* **GOAL OF THE EXERCISE**: The data beneath this task is to be duplicated exactly, in its entirety.
▬▬▬▬▬▬▬▬▬▬
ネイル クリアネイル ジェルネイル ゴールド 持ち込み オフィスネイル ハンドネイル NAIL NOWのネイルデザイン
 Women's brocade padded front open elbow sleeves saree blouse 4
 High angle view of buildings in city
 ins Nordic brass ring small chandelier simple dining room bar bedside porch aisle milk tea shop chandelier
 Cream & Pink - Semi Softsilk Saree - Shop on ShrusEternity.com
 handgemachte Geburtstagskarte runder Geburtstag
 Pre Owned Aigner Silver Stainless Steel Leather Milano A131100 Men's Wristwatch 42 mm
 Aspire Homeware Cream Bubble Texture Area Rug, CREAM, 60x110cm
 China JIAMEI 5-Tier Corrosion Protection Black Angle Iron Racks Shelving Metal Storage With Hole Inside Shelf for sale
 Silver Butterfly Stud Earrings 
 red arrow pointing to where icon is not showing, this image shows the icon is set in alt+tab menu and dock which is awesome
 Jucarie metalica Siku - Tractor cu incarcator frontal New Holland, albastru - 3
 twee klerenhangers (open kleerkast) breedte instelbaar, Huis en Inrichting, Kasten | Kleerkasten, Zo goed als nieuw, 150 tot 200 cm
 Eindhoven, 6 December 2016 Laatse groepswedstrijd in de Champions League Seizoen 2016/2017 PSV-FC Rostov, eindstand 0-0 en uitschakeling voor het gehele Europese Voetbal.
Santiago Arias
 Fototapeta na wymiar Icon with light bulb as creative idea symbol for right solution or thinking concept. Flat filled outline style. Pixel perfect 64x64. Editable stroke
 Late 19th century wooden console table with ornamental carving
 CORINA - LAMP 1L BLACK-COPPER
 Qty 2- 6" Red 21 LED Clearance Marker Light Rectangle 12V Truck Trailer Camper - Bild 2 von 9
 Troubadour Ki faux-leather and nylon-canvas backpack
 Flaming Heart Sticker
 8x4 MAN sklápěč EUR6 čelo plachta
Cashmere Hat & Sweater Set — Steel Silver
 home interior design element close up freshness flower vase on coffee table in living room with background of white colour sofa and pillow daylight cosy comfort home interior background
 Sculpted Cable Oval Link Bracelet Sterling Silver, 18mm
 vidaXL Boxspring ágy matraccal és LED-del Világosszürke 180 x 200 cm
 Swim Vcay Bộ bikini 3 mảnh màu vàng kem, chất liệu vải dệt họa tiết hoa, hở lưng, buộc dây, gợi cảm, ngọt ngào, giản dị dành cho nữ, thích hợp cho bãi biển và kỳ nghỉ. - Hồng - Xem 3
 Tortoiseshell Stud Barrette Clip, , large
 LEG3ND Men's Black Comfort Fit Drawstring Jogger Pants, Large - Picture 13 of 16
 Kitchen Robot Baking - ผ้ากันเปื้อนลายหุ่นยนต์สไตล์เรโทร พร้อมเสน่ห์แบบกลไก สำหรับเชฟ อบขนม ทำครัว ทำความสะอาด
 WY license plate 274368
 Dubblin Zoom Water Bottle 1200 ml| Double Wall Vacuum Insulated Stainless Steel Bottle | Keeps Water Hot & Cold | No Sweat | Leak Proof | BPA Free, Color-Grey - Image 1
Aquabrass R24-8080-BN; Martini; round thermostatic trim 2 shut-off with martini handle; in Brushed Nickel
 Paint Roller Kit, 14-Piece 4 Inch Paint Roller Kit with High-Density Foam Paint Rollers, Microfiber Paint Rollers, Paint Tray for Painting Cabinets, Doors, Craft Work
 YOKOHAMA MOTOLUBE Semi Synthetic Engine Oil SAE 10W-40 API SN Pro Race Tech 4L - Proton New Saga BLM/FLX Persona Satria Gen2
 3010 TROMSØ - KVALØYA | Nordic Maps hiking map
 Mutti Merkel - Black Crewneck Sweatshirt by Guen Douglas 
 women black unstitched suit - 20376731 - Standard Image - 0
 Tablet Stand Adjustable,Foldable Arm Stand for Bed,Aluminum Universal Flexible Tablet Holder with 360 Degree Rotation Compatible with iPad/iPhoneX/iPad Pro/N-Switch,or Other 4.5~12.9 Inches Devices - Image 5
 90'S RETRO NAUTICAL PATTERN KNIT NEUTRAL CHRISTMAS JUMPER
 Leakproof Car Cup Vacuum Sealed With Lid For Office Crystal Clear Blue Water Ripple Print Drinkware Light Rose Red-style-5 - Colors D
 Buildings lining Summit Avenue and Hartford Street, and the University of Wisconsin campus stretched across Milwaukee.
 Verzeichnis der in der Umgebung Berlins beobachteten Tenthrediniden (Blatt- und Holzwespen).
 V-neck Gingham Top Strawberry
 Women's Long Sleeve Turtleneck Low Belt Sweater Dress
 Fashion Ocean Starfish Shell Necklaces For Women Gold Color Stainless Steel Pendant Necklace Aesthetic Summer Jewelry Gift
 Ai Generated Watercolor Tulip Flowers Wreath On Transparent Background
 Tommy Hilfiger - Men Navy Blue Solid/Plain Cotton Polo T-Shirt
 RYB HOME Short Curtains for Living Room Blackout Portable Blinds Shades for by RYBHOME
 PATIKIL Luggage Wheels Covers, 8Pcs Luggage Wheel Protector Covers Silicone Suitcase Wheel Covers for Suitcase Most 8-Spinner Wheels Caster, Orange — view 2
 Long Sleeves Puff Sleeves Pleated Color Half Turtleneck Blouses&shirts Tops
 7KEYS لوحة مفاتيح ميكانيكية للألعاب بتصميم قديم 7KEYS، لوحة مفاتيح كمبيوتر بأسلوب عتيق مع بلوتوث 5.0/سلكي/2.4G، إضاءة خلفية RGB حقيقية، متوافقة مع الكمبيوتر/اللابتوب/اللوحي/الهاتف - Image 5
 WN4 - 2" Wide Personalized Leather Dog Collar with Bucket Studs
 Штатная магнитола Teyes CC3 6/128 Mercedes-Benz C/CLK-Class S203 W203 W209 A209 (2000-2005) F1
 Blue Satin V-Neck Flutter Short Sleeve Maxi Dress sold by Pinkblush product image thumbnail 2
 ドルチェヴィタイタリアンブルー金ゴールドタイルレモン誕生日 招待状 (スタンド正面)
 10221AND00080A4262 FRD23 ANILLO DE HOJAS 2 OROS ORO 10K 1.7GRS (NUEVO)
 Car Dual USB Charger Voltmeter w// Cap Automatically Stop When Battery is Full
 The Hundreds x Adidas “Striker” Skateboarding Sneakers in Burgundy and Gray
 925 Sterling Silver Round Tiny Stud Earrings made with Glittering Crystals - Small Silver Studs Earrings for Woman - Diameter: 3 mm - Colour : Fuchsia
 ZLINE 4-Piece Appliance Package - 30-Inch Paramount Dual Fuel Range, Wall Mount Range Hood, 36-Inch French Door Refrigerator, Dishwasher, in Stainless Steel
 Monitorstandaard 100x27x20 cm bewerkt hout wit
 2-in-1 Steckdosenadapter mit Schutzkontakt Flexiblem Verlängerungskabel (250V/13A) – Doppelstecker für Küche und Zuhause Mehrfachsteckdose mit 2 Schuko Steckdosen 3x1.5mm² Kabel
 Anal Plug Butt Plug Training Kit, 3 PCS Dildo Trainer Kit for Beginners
▬▬▬▬▬▬▬▬▬▬
* **RESULT**:
ネイル クリアネイル ジェルネイル ゴールド 持ち込み オフィスネイル ハンドネイル NAIL NOWのネイルデザイン
 Women's brocade padded front open elbow sleeves saree blouse 4
 High angle view of buildings in city
 ins Nordic brass ring small chandelier simple dining room bar bedside porch aisle milk tea shop chandelier
 Cream & Pink - Semi Softsilk Saree - Shop on ShrusEternity.com
 handgemachte Geburtstagskarte runder Geburtstag
 Pre Owned Aigner Silver Stainless Steel Leather Milano A131100 Men's Wristwatch 42 mm
 Aspire Homeware Cream Bubble Texture Area Rug, CREAM, 60x110cm
 China JIAMEI 5-Tier Corrosion Protection Black Angle Iron Racks Shelving Metal Storage With Hole Inside Shelf for sale
 Silver Butterfly Stud Earrings 
 red arrow pointing to where icon is not showing, this image shows the icon is set in alt+tab menu and dock which is awesome
 Jucarie metalica Siku - Tractor cu incarcator frontal New Holland, albastru - 3
 twee klerenhangers (open kleerkast) breedte instelbaar, Huis en Inrichting, Kasten | Kleerkasten, Zo goed als nieuw, 150 tot 200 cm
 Eindhoven, 6 December 2016 Laatse groepswedstrijd in de Champions League Seizoen 2016/2017 PSV-FC Rostov, eindstand 0-0 en uitschakeling voor het gehele Europese Voetbal.
Santiago Arias
 Fototapeta na wymiar Icon with light bulb as creative idea symbol for right solution or thinking concept. Flat filled outline style. Pixel perfect 64x64. Editable stroke
 Late 19th century wooden console table with ornamental carving
 CORINA - LAMP 1L BLACK-COPPER
 Qty 2- 6" Red 21 LED Clearance Marker Light Rectangle 12V Truck Trailer Camper - Bild 2 von 9
 Troubadour Ki faux-leather and nylon-canvas backpack
 Flaming Heart Sticker
 8x4 MAN sklápěč EUR6 čelo plachta
Cashmere Hat & Sweater Set — Steel Silver
 home interior design element close up freshness flower vase on coffee table in living room with background of white colour sofa and pillow daylight cosy comfort home interior background
 Sculpted Cable Oval Link Bracelet Sterling Silver, 18mm
 vidaXL Boxspring ágy matraccal és LED-del Világosszürke 180 x 200 cm
 Swim Vcay Bộ bikini 3 mảnh màu vàng kem, chất liệu vải dệt họa tiết hoa, hở lưng, buộc dây, gợi cảm, ngọt ngào, giản dị dành cho nữ, thích hợp cho bãi biển và kỳ nghỉ. - Hồng - Xem 3
 Tortoiseshell Stud Barrette Clip, , large
 LEG3ND Men's Black Comfort Fit Drawstring Jogger Pants, Large - Picture 13 of 16
 Kitchen Robot Baking - ผ้ากันเปื้อนลายหุ่นยนต์สไตล์เรโทร พร้อมเสน่ห์แบบกลไก สำหรับเชฟ อบขนม ทำครัว ทำความสะอาด
 WY license plate 274368
 Dubblin Zoom Water Bottle 1200 ml| Double Wall Vacuum Insulated Stainless Steel Bottle | Keeps Water Hot & Cold | No Sweat | Leak Proof | BPA Free, Color-Grey - Image 1
Aquabrass R24-8080-BN; Martini; round thermostatic trim 2 shut-off with martini handle; in Brushed Nickel
 Paint Roller Kit, 14-Piece 4 Inch Paint Roller Kit with High-Density Foam Paint Rollers, Microfiber Paint Rollers, Paint Tray for Painting Cabinets, Doors, Craft Work
 YOKOHAMA MOTOLUBE Semi Synthetic Engine Oil SAE 10W-40 API SN Pro Race Tech 4L - Proton New Saga BLM/FLX Persona Satria Gen2
 3010 TROMSØ - KVALØYA | Nordic Maps hiking map
 Mutti Merkel - Black Crewneck Sweatshirt by Guen Douglas 
 women black unstitched suit - 20376731 - Standard Image - 0
 Tablet Stand Adjustable,Foldable Arm Stand for Bed,Aluminum Universal Flexible Tablet Holder with 360 Degree Rotation Compatible with iPad/iPhoneX/iPad Pro/N-Switch,or Other 4.5~12.9 Inches Devices - Image 5
 90'S RETRO NAUTICAL PATTERN KNIT NEUTRAL CHRISTMAS JUMPER
 Leakproof Car Cup Vacuum Sealed With Lid For Office Crystal Clear Blue Water Ripple Print Drinkware Light Rose Red-style-5 - Colors D
 Buildings lining Summit Avenue and Hartford Street, and the University of Wisconsin campus stretched across Milwaukee.
 Verzeichnis der in der Umgebung Berlins beobachteten Tenthrediniden (Blatt- und Holzwespen).
 V-neck Gingham Top Strawberry
 Women's Long Sleeve Turtleneck Low Belt Sweater Dress
 Fashion Ocean Starfish Shell Necklaces For Women Gold Color Stainless Steel Pendant Necklace Aesthetic Summer Jewelry Gift
 Ai Generated Watercolor Tulip Flowers Wreath On Transparent Background
 Tommy Hilfiger - Men Navy Blue Solid/Plain Cotton Polo T-Shirt
 RYB HOME Short Curtains for Living Room Blackout Portable Blinds Shades for by RYBHOME
 PATIKIL Luggage Wheels Covers, 8Pcs Luggage Wheel Protector Covers Silicone Suitcase Wheel Covers for Suitcase Most 8-Spinner Wheels Caster, Orange — view 2
 Long Sleeves Puff Sleeves Pleated Color Half Turtleneck Blouses&shirts Tops
 7KEYS لوحة مفاتيح ميكانيكية للألعاب بتصميم قديم 7KEYS، لوحة مفاتيح كمبيوتر بأسلوب عتيق مع بلوتوث 5.0/سلكي/2.4G، إضاءة خلفية RGB حقيقية، متوافقة مع الكمبيوتر/اللابتوب/اللوحي/الهاتف - Image 5
 WN4 - 2" Wide Personalized Leather Dog Collar with Bucket Studs
 Штатная магнитола Teyes CC3 6/128 Mercedes-Benz C/CLK-Class S203 W203 W209 A209 (2000-2005) F1
 Blue Satin V-Neck Flutter Short Sleeve Maxi Dress sold by Pinkblush product image thumbnail 2
 ドルチェヴィタイタリアンブルー金ゴールドタイルレモン誕生日 招待状 (スタンド正面)
 10221AND00080A4262 FRD23 ANILLO DE HOJAS 2 OROS ORO 10K 1.7GRS (NUEVO)
 Car Dual USB Charger Voltmeter w// Cap Automatically Stop When Battery is Full
 The Hundreds x Adidas “Striker” Skateboarding Sneakers in Burgundy and Gray
 925 Sterling Silver Round Tiny Stud Earrings made with Glittering Crystals - Small Silver Studs Earrings for Woman - Diameter: 3 mm - Colour : Fuchsia
 ZLINE 4-Piece Appliance Package - 30-Inch Paramount Dual Fuel Range, Wall Mount Range Hood, 36-Inch French Door Refrigerator, Dishwasher, in Stainless Steel
 Monitorstandaard 100x27x20 cm bewerkt hout wit
 2-in-1 Steckdosenadapter mit Schutzkontakt Flexiblem Verlängerungskabel (250V/13A) – Doppelstecker für Küche und Zuhause Mehrfachsteckdose mit 2 Schuko Steckdosen 3x1.5mm² Kabel
 Anal Plug Butt Plug Training Kit, 3 PCS Dildo Trainer Kit for Beginners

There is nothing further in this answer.